$\sin x = \frac{{2t}}{{1 + {t^2}}},\tan y = \frac{{2t}}{{1 - {t^2}}}$

……(i)
and $\tan y = \frac{{2t}}{{1 - {t^2}}}$ …….(ii)
therefore,$\frac{d}{{dx}}\sin x \cdot \frac{{dx}}{{dt}} = \frac{d}{{dt}}\left( {\frac{{2t}}{{1 + {t^2}}}} \right)$

$\Rightarrow$ $\cos x\frac{{dx}}{{dt}} = \frac{{\left( {1 + {t^2}} \right) \cdot \frac{d}{{dt}}(2t) - (2t) \cdot \frac{d}{{dt}}\left( {1 + {t^2}} \right)}}{{{{\left( {1 + {t^2}} \right)}^2}}}$

$= \frac{{2\left( {1 + {t^2}} \right) - 2t \cdot 2t}}{{{{\left( {1 + {t^2}} \right)}^2}}} = \frac{{2 + 2{t^2} - 4{t^2}}}{{{{\left( {1 + {t^2}} \right)}^2}}}$

$\Rightarrow$ $\frac{{dx}}{{dt}} = \frac{{2\left( {1 - {t^2}} \right)}}{{{{\left( {1 + {t^2}} \right)}^2}}} \cdot \frac{1}{{\cos x}}$

$\Rightarrow$ $\frac{{dx}}{{dt}} = \frac{{2\left( {1 - {t^2}} \right)}}{{{{\left( {1 + {t^2}} \right)}^2}}} \cdot \frac{1}{{\sqrt {1 - {{\sin }^2}x} }} = \frac{{2\left( {1 - {t^2}} \right)}}{{{{\left( {1 + {t^2}} \right)}^2}}} \cdot \frac{1}{{\sqrt {1 - {{\left( {\frac{{2t}}{{1 + {t^2}}}} \right)}^2}} }}$

$\Rightarrow$ $\frac{{dx}}{{dt}} = \frac{{2\left( {1 - {t^2}} \right)}}{{{{\left( {1 + {t^2}} \right)}^2}}} \cdot \frac{{\left( {1 + {t^2}} \right)}}{{\left( {1 - {t^2}} \right)}} = \frac{2}{{1 + {t^2}}}$ …….(iii)

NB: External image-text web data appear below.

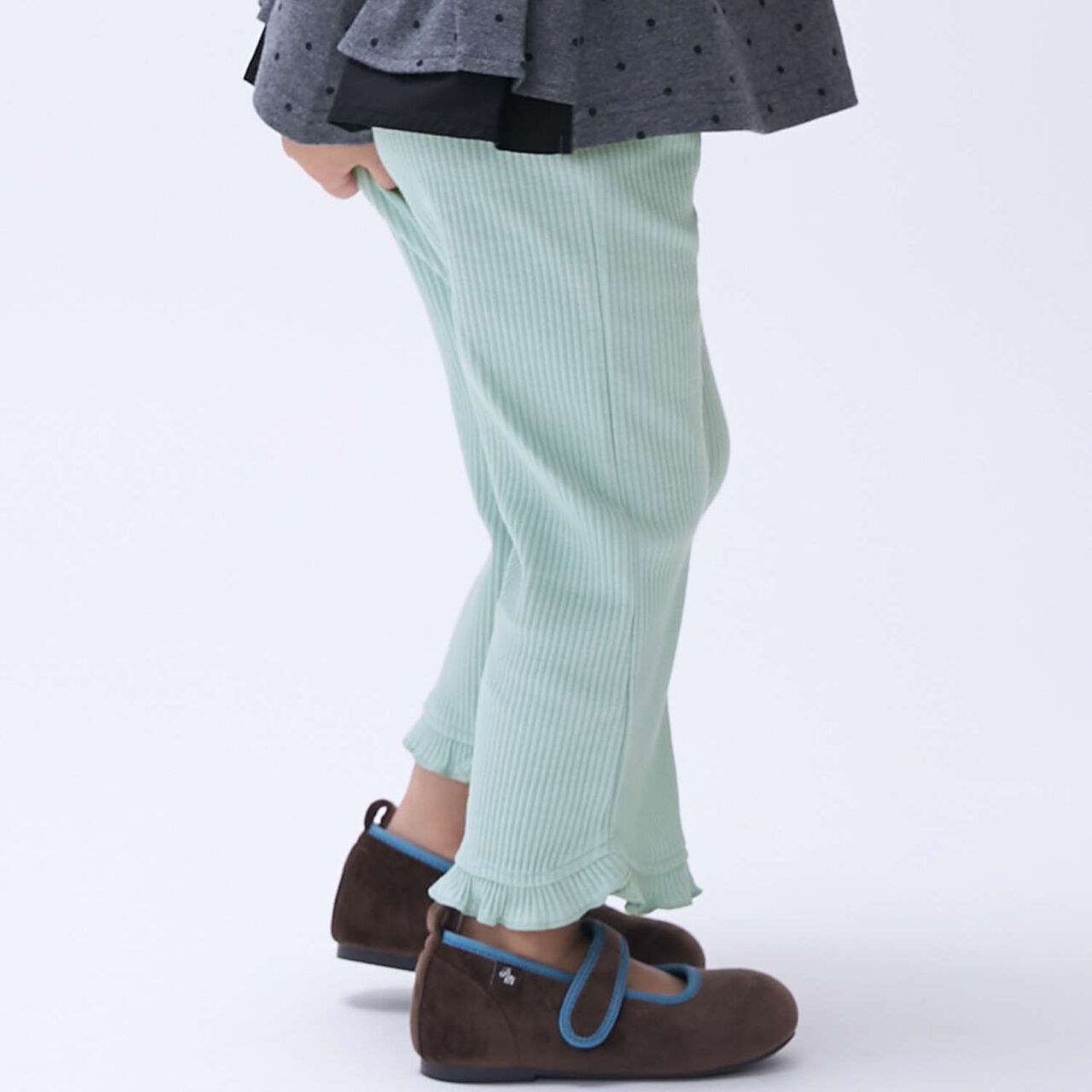 Merrowed Frill Flared Pants,Charcoal gray, large image number 7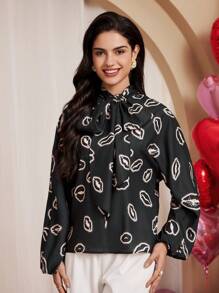 Chiquease Women's Casual Loose Printed Blouse, Minimalist & Fashionable For Everyday Wear Fall Cloth For Women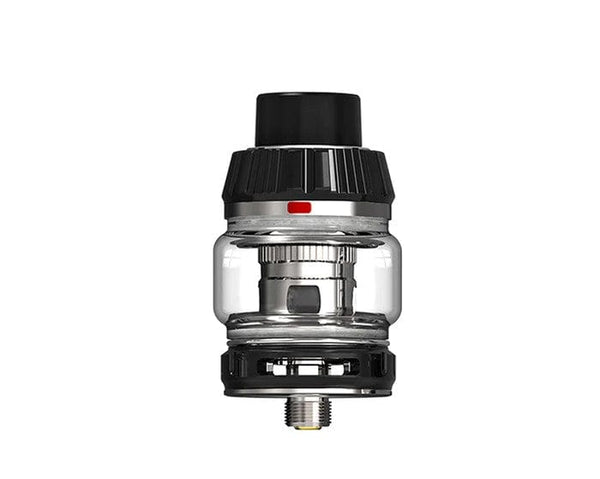 FreeMax Fireluke 4 Sub-Ohm Tank vape part with glass and metal construction, showing the tank's design and airflow holes.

Also, $\frac{d}{{dy}}\tan y \cdot \frac{{dy}}{{dt}} = \frac{d}{{dt}}\left( {\frac{{2t}}{{1 - {t^2}}}} \right)$

${\sec ^2}y\frac{{dy}}{{dt}} = \frac{{\left( {1 - {t^2}} \right)\frac{d}{{dt}} \cdot (2t) - 2t \cdot \frac{d}{{dt}}\left( {1 - {t^2}} \right)}}{{{{\left( {1 - {t^2}} \right)}^2}}}$

$\frac{{dy}}{{dt}} = \frac{{2 - 2{t^2} + 4{t^2}}}{{{{\left( {1 - {t^2}} \right)}^2}}} \cdot \frac{1}{{{{\sec }^2}y}}$

$= \frac{{2\left( {1 + {t^2}} \right)}}{{{{\left( {1 - {t^2}} \right)}^2}}} \cdot \frac{1}{{\left( {1 + {{\tan }^2}y} \right)}} = \frac{{2\left( {1 + {t^2}} \right)}}{{{{\left( {1 - {t^2}} \right)}^2}}} \cdot \frac{1}{{1 + \frac{{4{t^2}}}{{{{\left( {1 - {t^2}} \right)}^2}}}}}$

$= \frac{{2\left( {1 + {t^2}} \right)}}{{{{\left( {1 - {t^2}} \right)}^2}}} \cdot \frac{{{{\left( {1 - {t^2}} \right)}^2}}}{{{{\left( {1 + {t^2}} \right)}^2}}} = \frac{2}{{1 + {t^2}}}$ …….(iv)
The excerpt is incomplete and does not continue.